- Data for the task:

━━━━━━━━━━━━━━━━━━━━

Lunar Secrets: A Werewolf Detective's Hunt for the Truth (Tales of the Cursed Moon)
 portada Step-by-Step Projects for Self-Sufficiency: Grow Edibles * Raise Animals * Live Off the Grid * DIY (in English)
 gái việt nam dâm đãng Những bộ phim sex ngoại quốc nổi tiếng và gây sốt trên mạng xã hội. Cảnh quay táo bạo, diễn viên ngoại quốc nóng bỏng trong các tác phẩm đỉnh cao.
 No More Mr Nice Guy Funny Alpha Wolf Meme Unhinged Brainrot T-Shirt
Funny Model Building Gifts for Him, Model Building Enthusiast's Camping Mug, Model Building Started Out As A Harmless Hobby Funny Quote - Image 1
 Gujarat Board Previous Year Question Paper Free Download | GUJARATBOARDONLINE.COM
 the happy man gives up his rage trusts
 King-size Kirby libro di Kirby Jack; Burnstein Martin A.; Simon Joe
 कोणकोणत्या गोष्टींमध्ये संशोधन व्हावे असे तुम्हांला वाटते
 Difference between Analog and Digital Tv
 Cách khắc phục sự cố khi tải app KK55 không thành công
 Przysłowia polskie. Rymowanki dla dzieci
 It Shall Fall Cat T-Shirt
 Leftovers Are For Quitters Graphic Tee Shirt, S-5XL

━━━━━━━━━━━━━━━━━━━━

- Work to be completed: Set the data down again in full. Keep it exact.

- Problem solution:
Lunar Secrets: A Werewolf Detective's Hunt for the Truth (Tales of the Cursed Moon)
 portada Step-by-Step Projects for Self-Sufficiency: Grow Edibles * Raise Animals * Live Off the Grid * DIY (in English)
 gái việt nam dâm đãng Những bộ phim sex ngoại quốc nổi tiếng và gây sốt trên mạng xã hội. Cảnh quay táo bạo, diễn viên ngoại quốc nóng bỏng trong các tác phẩm đỉnh cao.
 No More Mr Nice Guy Funny Alpha Wolf Meme Unhinged Brainrot T-Shirt
Funny Model Building Gifts for Him, Model Building Enthusiast's Camping Mug, Model Building Started Out As A Harmless Hobby Funny Quote - Image 1
 Gujarat Board Previous Year Question Paper Free Download | GUJARATBOARDONLINE.COM
 the happy man gives up his rage trusts
 King-size Kirby libro di Kirby Jack; Burnstein Martin A.; Simon Joe
 कोणकोणत्या गोष्टींमध्ये संशोधन व्हावे असे तुम्हांला वाटते
 Difference between Analog and Digital Tv
 Cách khắc phục sự cố khi tải app KK55 không thành công
 Przysłowia polskie. Rymowanki dla dzieci
 It Shall Fall Cat T-Shirt
 Leftovers Are For Quitters Graphic Tee Shirt, S-5XL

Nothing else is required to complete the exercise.